[DATASET EXTRACT]
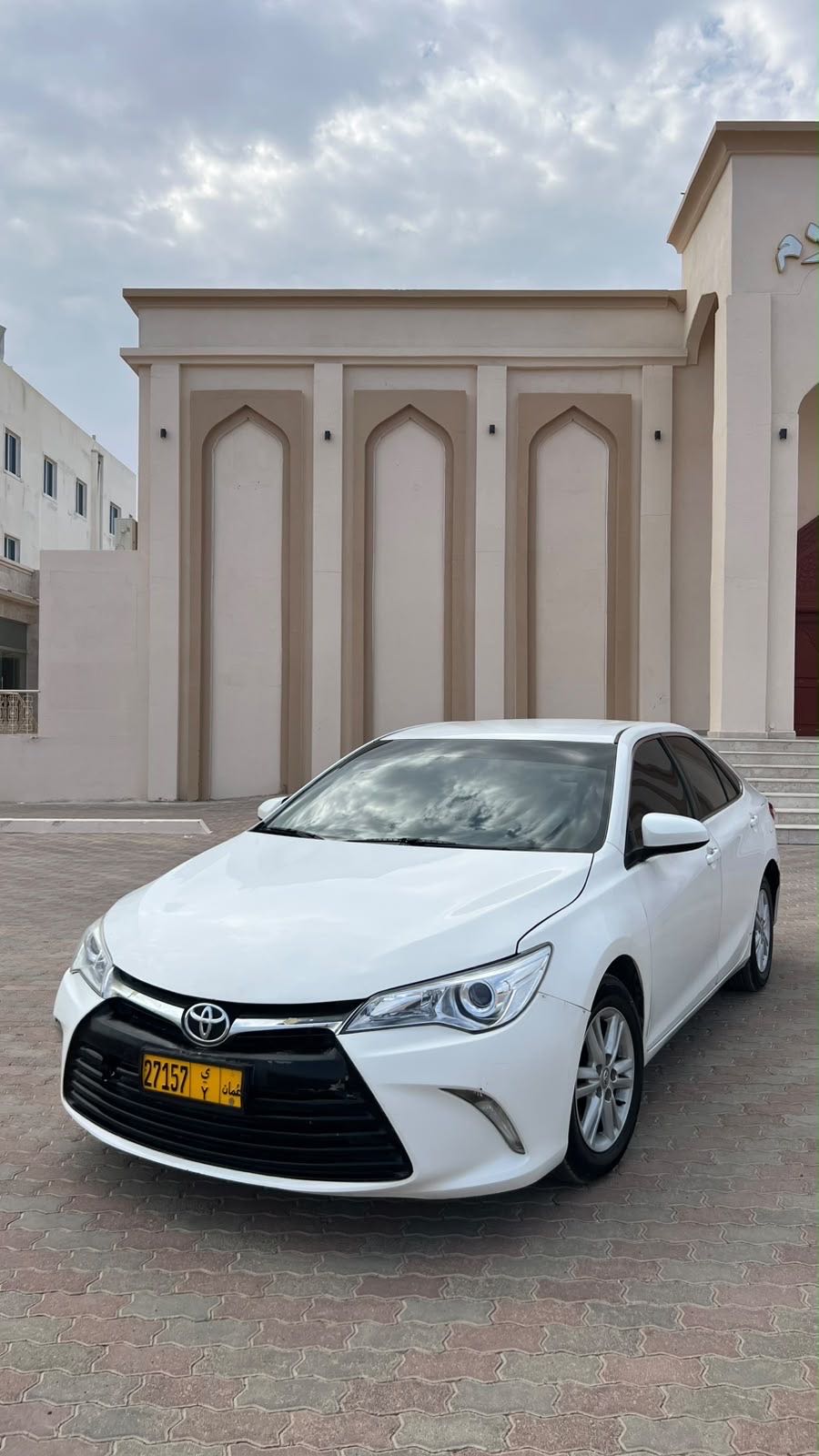 Car Image 2017 TOYOTA CAMRY GL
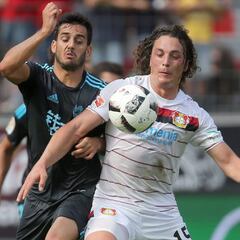 Volland y 'Chicharito' acaban en tres minutos con la Real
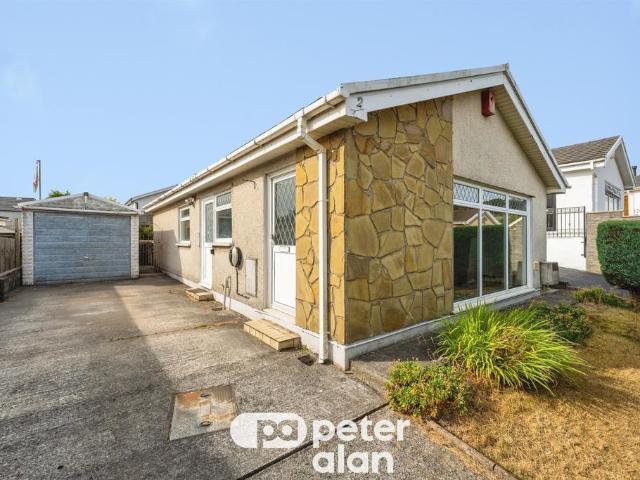 2 bedroom detached bungalow for sale
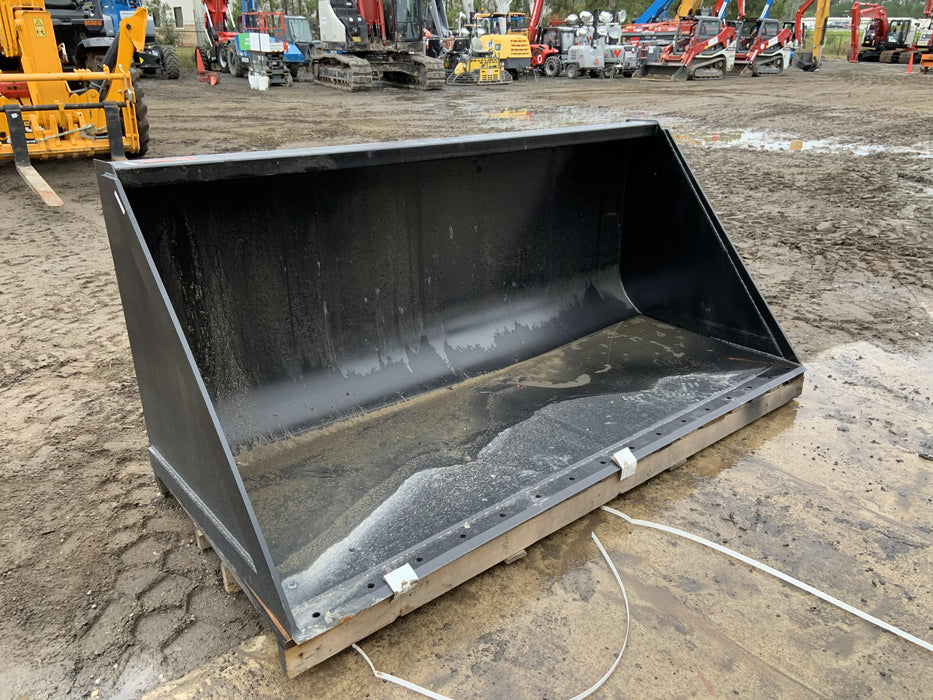 2020 ARROW MATERIAL HANDLING Telehandler Bucket Pin-On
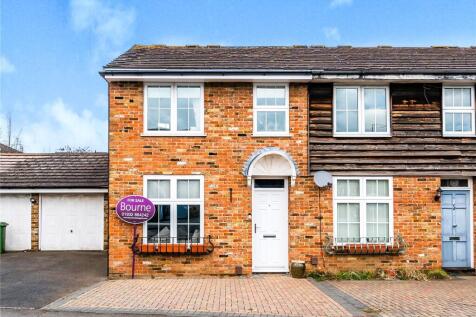 Pennyfield, Cobham, Surrey, Surrey, KT11 3 bed semi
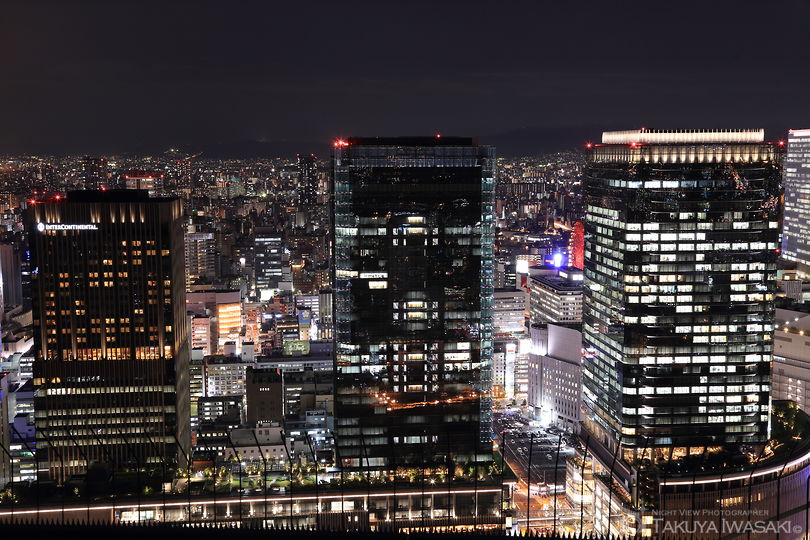 梅田スカイビル 空中庭園展望台の夜景スポット写真（3）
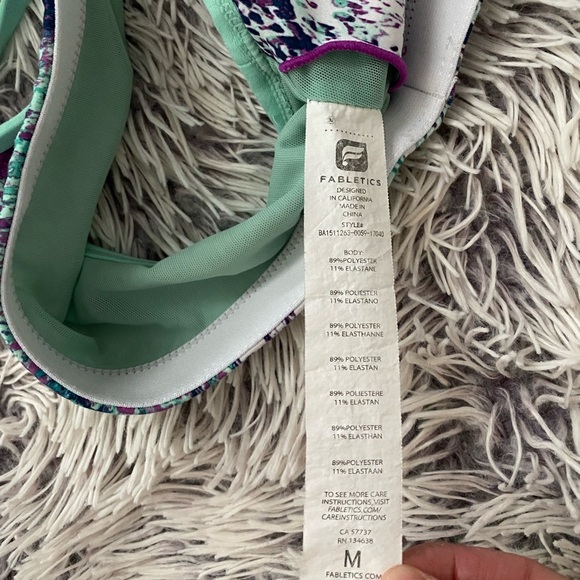 Fabletics Ayni Sports Bra in Animal Impressions Print Multi/Cucumber Size Medium - Picture 5 of 6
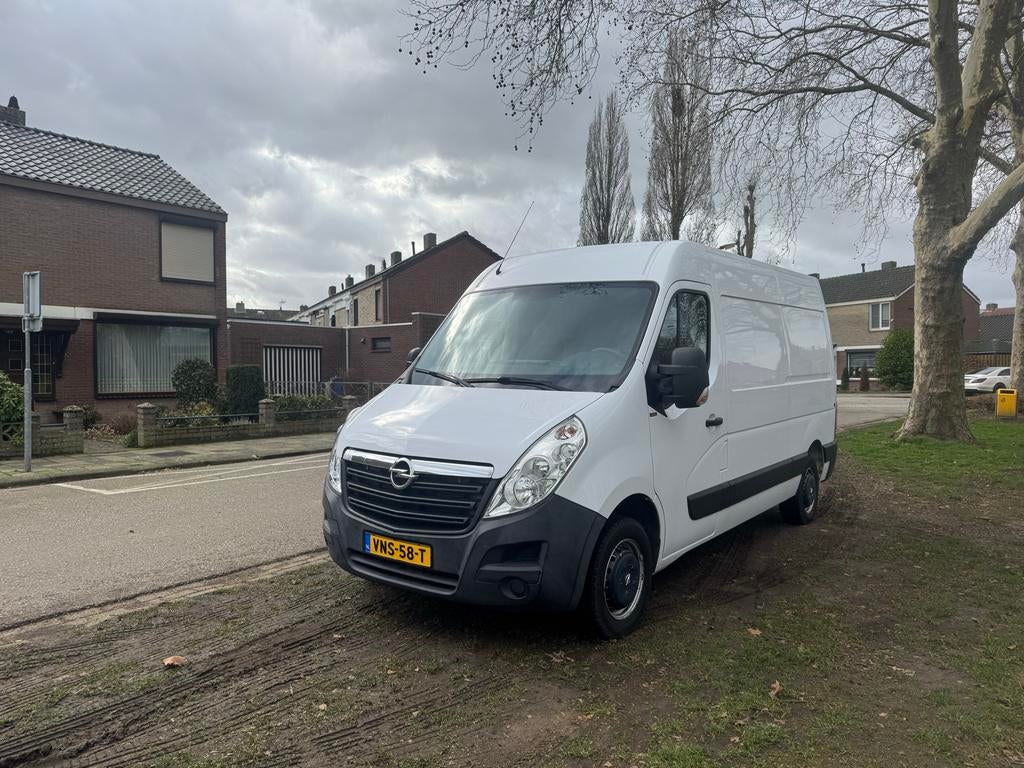 Opel Movano 2.3 D 81KW 2018 Wit, Auto's, Bestelauto's, Opel, Diesel, Geïmporteerd, Wit, Ophalen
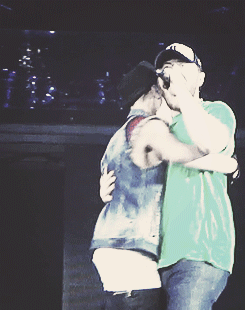 Justin Bieber and Mike Posner - Believe Tour - Orlando, FL 1/25/13 - Gif
Created by firstmarch.tumblr.com
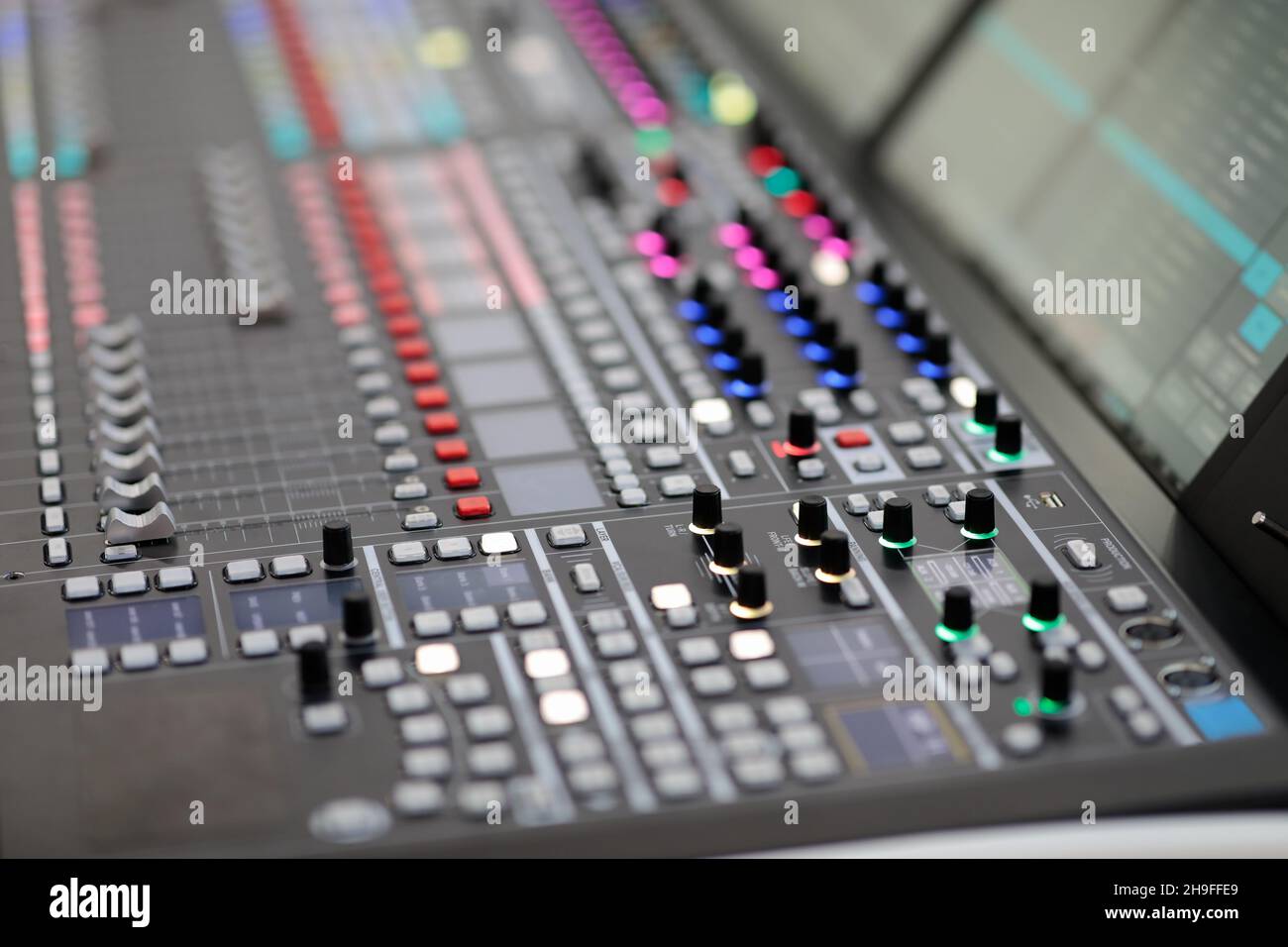 Console di mixaggio digitale in uno studio di trasmissione. Messa a fuoco selettiva. Foto Stock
[/DATASET EXTRACT]
_WORK ITEM_.
Copy exactly the lines from the line that contains "Opel Movano 2.3" through the last line of the records above, both ends included, but leave out the pictures.

_PROBLEM SOLUTION_.
 Opel Movano 2.3 D 81KW 2018 Wit, Auto's, Bestelauto's, Opel, Diesel, Geïmporteerd, Wit, Ophalen
 Justin Bieber and Mike Posner - Believe Tour - Orlando, FL 1/25/13 - Gif
Created by firstmarch.tumblr.com
 Console di mixaggio digitale in uno studio di trasmissione. Messa a fuoco selettiva. Foto Stock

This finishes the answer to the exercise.